To which he answers in the first place:

In his epistle to the Romans, Paul gives us the answer. He writes, ‘If our unrighteousness demonstrates the righteousness of God, what shall we say?’ (Rom.3:5). Our unrighteousness demonstrates (Greek sunistemi) the righteousness of God.

…Unrighteousness therefore puts God’s righteousness on display. Paul again says, ”But God demonstrates His own love toward us, in that while were were yet sinners, Christ died for us’ (Rom.5:8). The presence of sin allows God to demonstrate His righteousness and love. How else could He show the character of His great love that rescues enemies and sinners if there were no enemies and sinners? ‘What if God, although willing [i.e., determining] to demonstrate [Greek endeiknumi] His wrath and to make His power known, endured with much patience vessels of wrath prepared for destruction?’ (Rom.9:22). He demonstrates His righteousness against the backdrop of sin and evil, showing, by contrast, how utterly holy He is. God demonstrates His love at a level that would have been impossible without sin.
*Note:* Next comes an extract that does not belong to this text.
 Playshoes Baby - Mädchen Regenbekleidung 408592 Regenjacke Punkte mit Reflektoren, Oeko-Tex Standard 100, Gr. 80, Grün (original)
We see and appreciate the radiance of God’s love more, having endured the darkness and distress of a universe cursed by evil. ‘The people who walk in darkness will see a great light; those who live in a dark land, the light will shine on them’ (Isa.9:2). The presence of evil provided the perfect opportunity for God to display His wrath and justice along with His redeeming grace and infinite mercy, as He loved sinners enough to send His Son to die in their place.
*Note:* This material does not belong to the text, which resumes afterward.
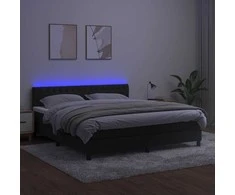 Lova su spyruoklėmis/čiužiniu/LED, juoda, 160x200cm, aksomas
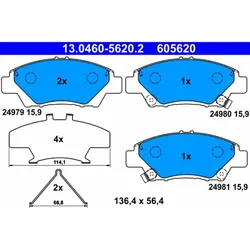 Bremsbelagsatz Scheibenbremse ATE 13.0460-5620.2 für Honda Jazz III Insight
And, as he goes on to show, the second and more important reason is that God might glorify Himself. Referring again to Romans 9:22, he writes:

Literally, the verse’s phrasing is ‘God determined to demonstrate for Himself.’ God demonstrates His attributes for the sake of His own glory. Without sin, God’s wrath would never be on display. Without sinners to redeem, God’s grace would never be on display. Without evil to punish, God’s justice would never be on display. And He has every right to put Himself everlastingly on display in all the glory of all His attributes. [pp.62-63].